The Girl Who Owned a City
A bit after Hatchet, I read The Girl Who Owned A City by O.T. Nelson. This protagonist Lisa Nelson and her younger brother, Todd, find themselves in a world where every person over the age of 13 or so has been killed my a plague. The broken world is inhabited only by children, who are left without electricity, running water, heat, or fresh food. Children begin forming gangs, which offer shelter and protection, but rule brutally and threaten other children and their carefully foraged supplies of food. Lisa takes matters into her own hands and organizes her neighborhood into a militia–and then moves everyone she knows into the local high school for better protection.
This book prompted an adventure in my neighborhood that lasted about two years. Other neighborhood children and I gathered maps and other information about the area and planned for the vague day in the future when all the adults would go crazy. We didn’t think that a plague would kill them off, of course, that would be silly. But we knew something was going to happen, and were prepared to step into their shoes and organize the neighborhood when the shit hit the fan.
The Hunger Games
Of course, no book list of apocalyptic fiction would be complete without a mention of The Hunger Games by Suzanne Collins. Here is a world where society is more or less intact–but the book takes place post-apocalypse, and the government left in the wake of that unknown and long-ago disaster keeps the population quelled and intimidated by regularly hosting a gladiator-style “game” where the “victor” is the child who manages to outsmart, out-hide, or just kill every other child in the arena.
Enter Katnniss Everdeen, a teenage protagonist who turns the government on its head when she manages to bring two victors out of the arena, against the wishes of the evil and brutal President Snow. The following two books, Catching Fire (The Second Book of the Hunger Games) and Mockingjay, explore the consequences of her actions both at a societal level and a personal one.

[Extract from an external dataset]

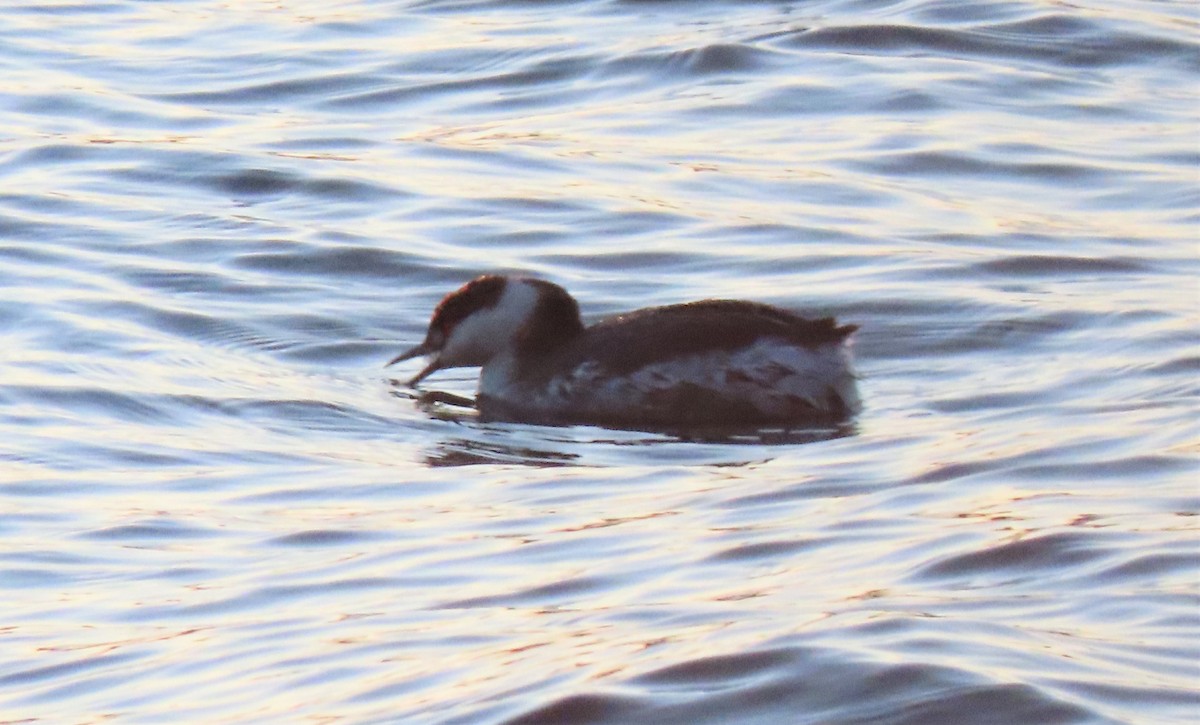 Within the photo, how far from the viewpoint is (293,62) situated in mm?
16016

I’m a bit old now to be running around the woods with braided hair and a bow and arrow the way Katniss does in The Hunger Games, but plenty of other youngsters have taken her as their hero. Since The Hunger Games has already been made into a movie, with the rest of the trilogy soon to follow, modern Katniss enthusiasts can even buy clothes and equipment that lets them dress up like their hero, right down to the iconic Mockingjay pin and a bow and arrows set.
While on the surface all these books might be considered survival stories, or stories where the protagonist finds himself in a situation that is at least somewhat apocalyptic, I realized recently that my appreciation for these books came not from their apocalyptic nature, but from their stories of children and teenagers controlling their own lives. These are stories where kids must step into adult roles or die. They look after themselves and others, build complex organizations and systems, and manage to succeed even in the face of life-threatening obstacles. They don’t give up or give in, in spite of self doubt and the pressures around them.

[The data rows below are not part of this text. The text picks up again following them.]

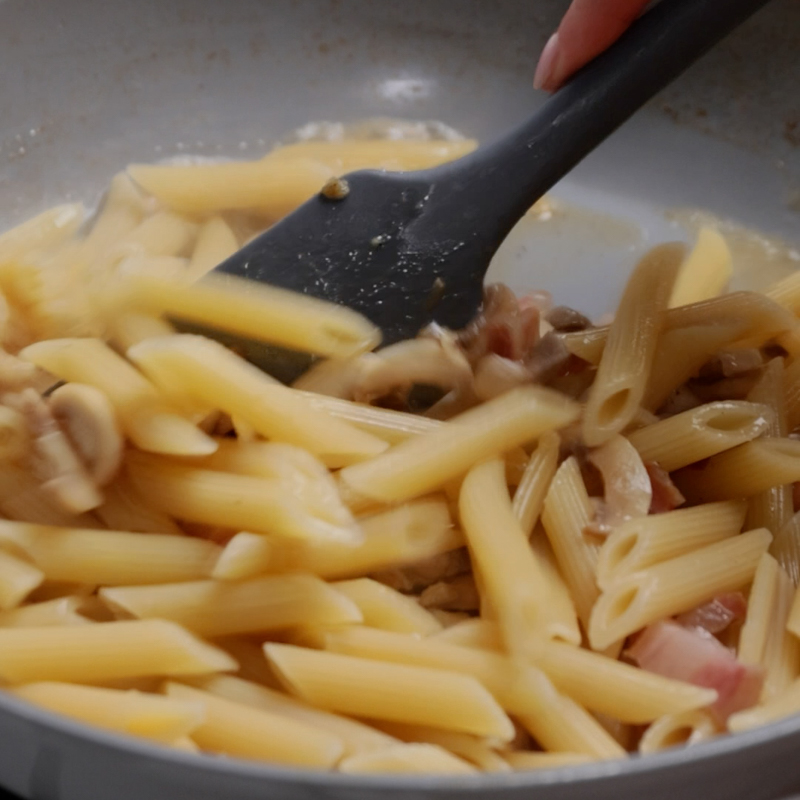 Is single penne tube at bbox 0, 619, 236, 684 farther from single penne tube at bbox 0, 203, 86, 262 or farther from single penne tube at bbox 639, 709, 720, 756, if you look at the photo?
single penne tube at bbox 0, 203, 86, 262

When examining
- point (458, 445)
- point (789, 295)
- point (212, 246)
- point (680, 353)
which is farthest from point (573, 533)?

These are characters the modern teenager–and even the modern 20-something–would do well to emulate. Our lives aren’t nearly as difficult, for the most part, but the lessons in taking responsibility, hard work, and striving to succeed in spite of the odds are still valuable for many of us.
Of course, you could also take it all literally and start stocking up bottled water and batteries. The world is an uncertain place these days, and a fragile one, too. A little disaster preparedness might be the difference between being the Lisa Nelson of your neighborhood and relying on the dubious generosity and support of others during an emergency.